NOTE 15-CONCENTRATION OF RISKS
The Company’s real estate projects are concentrated in Chongqing Municipality City, PRC. Any negative events such as a slowdown in the economy in Chongqing might cause material loss to the Company and have a material adverse effect on the Company’s financial condition and results of operations. The risk in this respect will be mitigated by the Company by expanding its operations outside of Chongqing.
The Company sells to a wide range of customers. No single supplier or customer accounted for more than 10% of revenue for the three months ended September 30, 2010 and 2009, respectively.
Substantially all of the Company’s project construction work was outsourced to third-party subcontractors.
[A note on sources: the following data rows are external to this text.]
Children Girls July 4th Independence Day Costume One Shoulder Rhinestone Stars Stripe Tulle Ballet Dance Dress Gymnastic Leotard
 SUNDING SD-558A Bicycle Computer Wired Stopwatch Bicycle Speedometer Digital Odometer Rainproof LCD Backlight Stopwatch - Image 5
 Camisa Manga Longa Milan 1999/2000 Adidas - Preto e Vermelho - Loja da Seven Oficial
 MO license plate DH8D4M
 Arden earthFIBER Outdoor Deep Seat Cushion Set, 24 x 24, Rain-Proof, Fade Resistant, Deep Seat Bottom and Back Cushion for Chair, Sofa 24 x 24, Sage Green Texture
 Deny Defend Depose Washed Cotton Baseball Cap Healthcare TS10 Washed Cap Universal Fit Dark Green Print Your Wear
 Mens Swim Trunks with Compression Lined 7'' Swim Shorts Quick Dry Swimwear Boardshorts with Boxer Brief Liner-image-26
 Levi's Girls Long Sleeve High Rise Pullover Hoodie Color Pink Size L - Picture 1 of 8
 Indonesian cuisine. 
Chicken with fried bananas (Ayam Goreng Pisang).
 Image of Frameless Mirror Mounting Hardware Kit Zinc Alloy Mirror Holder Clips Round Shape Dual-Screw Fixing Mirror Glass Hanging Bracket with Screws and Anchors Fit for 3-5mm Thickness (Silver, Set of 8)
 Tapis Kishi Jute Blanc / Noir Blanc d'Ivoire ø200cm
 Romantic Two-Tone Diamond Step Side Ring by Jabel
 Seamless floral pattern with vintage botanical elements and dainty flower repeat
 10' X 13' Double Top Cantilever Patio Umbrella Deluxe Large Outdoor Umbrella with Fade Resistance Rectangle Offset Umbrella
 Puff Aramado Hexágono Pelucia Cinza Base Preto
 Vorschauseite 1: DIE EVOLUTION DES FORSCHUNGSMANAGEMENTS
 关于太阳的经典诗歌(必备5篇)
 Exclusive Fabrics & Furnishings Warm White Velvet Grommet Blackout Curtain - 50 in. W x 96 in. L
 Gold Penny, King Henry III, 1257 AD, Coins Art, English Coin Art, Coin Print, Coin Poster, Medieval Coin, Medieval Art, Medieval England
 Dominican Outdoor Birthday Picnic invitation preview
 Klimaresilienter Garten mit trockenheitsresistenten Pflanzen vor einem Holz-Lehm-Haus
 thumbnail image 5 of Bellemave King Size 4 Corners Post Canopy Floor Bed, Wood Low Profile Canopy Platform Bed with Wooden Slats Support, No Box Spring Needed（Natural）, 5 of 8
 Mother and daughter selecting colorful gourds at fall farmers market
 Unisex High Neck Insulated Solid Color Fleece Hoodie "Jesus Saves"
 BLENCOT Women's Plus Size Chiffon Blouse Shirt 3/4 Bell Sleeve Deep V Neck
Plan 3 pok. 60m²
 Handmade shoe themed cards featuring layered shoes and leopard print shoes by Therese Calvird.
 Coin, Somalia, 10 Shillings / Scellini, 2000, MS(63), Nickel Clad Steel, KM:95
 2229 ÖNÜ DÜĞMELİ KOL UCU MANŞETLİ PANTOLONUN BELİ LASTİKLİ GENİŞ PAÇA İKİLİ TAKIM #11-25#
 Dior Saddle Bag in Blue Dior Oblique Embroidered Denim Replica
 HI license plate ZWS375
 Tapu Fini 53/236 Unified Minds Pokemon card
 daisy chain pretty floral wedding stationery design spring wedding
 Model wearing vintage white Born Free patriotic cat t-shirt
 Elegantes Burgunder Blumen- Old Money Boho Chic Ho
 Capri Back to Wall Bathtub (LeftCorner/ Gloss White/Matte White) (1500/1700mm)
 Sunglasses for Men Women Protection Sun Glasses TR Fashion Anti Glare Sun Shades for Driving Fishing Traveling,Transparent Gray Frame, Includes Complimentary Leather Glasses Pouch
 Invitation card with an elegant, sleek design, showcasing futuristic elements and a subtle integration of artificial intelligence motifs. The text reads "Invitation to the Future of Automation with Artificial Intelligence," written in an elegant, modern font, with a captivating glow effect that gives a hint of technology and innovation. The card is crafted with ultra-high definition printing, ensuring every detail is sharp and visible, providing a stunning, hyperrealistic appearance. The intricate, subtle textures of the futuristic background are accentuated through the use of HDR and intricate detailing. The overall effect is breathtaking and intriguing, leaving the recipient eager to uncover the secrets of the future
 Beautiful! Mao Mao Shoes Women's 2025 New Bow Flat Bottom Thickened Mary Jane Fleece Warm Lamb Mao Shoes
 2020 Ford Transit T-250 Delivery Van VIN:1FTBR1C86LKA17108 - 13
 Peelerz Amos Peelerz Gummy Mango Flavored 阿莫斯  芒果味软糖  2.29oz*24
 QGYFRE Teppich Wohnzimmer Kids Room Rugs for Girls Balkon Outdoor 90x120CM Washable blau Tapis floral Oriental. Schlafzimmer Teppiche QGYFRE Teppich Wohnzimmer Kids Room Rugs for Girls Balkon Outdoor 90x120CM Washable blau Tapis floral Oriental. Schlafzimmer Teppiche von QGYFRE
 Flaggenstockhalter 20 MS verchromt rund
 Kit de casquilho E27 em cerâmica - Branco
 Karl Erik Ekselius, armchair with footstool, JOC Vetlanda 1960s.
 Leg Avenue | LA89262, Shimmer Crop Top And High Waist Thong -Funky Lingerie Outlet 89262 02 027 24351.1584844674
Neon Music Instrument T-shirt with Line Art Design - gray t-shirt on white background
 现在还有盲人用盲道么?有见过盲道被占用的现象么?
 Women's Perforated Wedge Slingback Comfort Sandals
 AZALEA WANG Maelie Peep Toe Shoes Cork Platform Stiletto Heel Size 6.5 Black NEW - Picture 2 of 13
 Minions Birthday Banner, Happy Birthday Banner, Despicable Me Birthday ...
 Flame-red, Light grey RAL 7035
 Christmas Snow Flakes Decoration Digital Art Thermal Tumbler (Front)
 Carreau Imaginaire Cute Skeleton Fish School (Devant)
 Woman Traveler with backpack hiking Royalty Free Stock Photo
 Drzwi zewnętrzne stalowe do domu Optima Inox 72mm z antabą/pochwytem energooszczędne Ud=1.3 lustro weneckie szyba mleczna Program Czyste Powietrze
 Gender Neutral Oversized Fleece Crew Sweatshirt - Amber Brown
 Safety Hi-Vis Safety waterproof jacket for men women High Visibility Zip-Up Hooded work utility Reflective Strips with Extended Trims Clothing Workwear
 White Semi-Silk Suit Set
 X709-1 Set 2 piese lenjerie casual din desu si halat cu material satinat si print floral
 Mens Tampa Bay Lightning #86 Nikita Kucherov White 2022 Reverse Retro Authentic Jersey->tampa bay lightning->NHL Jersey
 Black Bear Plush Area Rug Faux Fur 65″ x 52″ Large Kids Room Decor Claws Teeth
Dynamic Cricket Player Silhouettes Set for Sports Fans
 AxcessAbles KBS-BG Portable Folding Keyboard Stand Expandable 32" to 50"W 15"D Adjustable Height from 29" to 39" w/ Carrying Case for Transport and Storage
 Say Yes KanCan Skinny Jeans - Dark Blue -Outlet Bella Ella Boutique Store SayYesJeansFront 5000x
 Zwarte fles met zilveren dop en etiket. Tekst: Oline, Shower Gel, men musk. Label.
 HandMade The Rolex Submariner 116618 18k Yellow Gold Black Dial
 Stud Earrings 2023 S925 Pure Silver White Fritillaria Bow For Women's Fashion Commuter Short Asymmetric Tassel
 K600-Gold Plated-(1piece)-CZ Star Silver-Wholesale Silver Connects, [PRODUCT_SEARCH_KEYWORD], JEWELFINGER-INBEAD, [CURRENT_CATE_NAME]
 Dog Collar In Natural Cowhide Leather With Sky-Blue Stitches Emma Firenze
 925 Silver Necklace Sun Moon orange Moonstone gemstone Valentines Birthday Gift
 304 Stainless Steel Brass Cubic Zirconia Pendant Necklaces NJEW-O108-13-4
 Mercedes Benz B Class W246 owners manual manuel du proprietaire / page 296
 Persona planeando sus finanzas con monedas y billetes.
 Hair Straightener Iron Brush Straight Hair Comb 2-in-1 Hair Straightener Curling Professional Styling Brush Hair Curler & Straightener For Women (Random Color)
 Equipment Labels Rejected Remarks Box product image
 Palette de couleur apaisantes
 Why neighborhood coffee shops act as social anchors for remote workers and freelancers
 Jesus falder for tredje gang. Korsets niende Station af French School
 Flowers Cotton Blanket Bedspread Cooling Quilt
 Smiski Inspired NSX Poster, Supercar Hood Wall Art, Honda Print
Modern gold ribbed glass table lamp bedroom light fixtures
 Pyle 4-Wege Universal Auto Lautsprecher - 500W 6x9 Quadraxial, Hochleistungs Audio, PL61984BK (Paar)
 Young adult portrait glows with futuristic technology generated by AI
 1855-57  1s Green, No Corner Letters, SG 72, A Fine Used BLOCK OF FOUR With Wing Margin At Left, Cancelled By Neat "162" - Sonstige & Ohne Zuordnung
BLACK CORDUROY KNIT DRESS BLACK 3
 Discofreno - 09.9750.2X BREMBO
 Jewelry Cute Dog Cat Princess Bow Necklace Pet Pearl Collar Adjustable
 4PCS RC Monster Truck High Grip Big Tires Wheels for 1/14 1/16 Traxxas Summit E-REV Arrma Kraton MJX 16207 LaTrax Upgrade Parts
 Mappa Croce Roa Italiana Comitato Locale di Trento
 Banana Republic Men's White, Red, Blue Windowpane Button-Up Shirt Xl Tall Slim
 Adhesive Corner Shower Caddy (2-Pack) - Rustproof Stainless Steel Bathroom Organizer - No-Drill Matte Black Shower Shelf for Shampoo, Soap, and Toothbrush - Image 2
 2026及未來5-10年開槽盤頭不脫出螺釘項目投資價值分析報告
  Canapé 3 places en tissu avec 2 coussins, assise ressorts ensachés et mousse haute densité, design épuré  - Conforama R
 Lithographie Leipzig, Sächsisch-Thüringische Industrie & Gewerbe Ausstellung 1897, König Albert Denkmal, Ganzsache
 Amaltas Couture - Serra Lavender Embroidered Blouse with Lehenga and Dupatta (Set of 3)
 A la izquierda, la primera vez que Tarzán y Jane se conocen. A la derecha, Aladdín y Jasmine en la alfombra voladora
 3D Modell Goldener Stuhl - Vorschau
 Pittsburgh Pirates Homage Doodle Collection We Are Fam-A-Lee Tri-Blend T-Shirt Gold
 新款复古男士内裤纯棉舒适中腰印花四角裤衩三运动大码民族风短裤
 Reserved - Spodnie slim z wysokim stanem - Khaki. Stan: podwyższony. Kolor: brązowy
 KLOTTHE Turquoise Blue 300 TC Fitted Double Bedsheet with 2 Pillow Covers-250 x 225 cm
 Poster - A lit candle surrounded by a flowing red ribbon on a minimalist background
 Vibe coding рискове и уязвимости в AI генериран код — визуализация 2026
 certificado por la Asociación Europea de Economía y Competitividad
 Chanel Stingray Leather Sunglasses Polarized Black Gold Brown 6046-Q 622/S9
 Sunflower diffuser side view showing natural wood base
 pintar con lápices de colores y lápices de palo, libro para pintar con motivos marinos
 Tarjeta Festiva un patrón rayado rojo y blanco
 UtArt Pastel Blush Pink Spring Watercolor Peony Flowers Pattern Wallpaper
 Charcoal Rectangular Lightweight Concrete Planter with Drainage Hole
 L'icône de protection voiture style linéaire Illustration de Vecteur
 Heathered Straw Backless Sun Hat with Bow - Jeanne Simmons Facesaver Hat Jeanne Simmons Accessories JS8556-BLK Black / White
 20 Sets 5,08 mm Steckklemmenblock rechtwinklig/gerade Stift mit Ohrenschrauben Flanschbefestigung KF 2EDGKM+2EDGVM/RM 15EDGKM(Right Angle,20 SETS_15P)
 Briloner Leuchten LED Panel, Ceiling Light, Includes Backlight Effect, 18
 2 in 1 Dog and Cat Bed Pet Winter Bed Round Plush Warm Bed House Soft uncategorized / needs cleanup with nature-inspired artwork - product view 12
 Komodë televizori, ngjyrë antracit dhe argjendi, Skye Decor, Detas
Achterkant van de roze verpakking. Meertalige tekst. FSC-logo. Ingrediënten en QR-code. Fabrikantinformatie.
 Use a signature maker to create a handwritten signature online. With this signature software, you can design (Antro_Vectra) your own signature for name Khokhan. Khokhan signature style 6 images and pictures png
For the three months ended September 30, 2009, three subcontractors accounted for 63.3% of the total construction work on Jinshan Liyuan Phase I and Phase II. For the three months ended September 30, 2010, one subcontractor, Chongqing Ruina Real Estate Construction Company, conducted 98.3% of the total construction work on Jinshan Liyuan Phase II and Phase III. The Company is exposed to risks that the performance of subcontractors may not meet its standards or specifications. Negligence or poor work quality by subcontractors may result in defects in the buildings or residential units, which could in turn cause the Company to suffer financial losses, harm its reputation or expose it to third-party claims.
NOTE 16-SUBSEQUENT EVENTS
In November, 2010, Chongqing Zhongbao invested RMB 500,000 (approximate to $74,628) to form a 100% controlled subsidiary Chongqing Zhaoli Real Estate Consulting Co., Ltd (“Zhaoli”) which will be engaged in real estate property development, consulting and related business. Zhaoli will be consolidated into the Company’s financial statements for the quarter ended December 31, 2010.
On December 29, 2010, Chongqing Zhongbao invested RMB 10,000,000 (approximately $1,479,000) to form a 100% controlled subsidiary Shaanxi Zhongbao Property Development Co., Ltd (“Shaanxi Zhongbao) which will be engaged in real estate development. Shaanxi Zhongbao will be consolidated into the Company’s financial statements for the quarter ended December 31, 2010.